───── Information provided

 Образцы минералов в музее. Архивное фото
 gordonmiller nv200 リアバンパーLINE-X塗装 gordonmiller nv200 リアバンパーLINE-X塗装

──────────
───── Information provided

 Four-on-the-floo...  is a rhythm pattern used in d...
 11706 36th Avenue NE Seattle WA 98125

──────────
───── Information provided

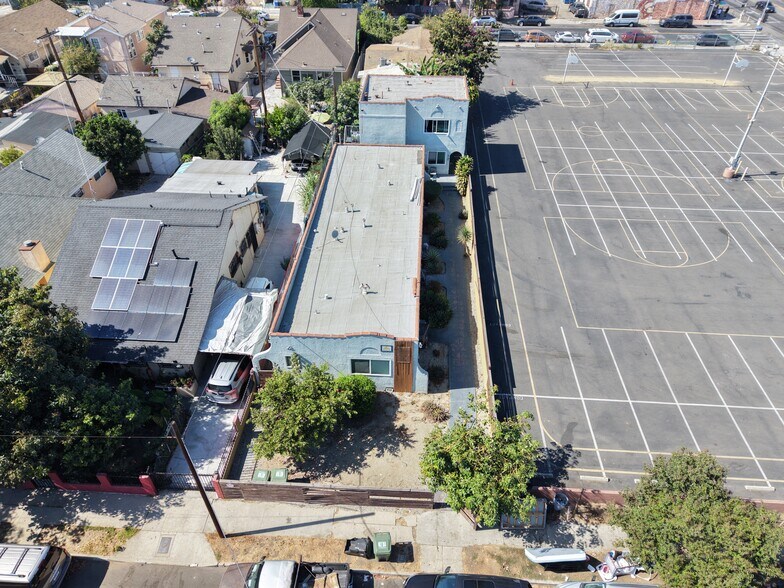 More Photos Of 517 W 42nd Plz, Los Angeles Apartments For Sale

──────────

Produce only the lines from the line containing "Образцы минералов в музее. Архивное фото" through the line containing "gordonmiller nv200 リアバンパーLINE-X塗装 gordonmiller", inclusive of both, exactly as they stand in the entries above.

▶ [Result of the exercise]:
 Образцы минералов в музее. Архивное фото
 gordonmiller nv200 リアバンパーLINE-X塗装 gordonmiller nv200 リアバンパーLINE-X塗装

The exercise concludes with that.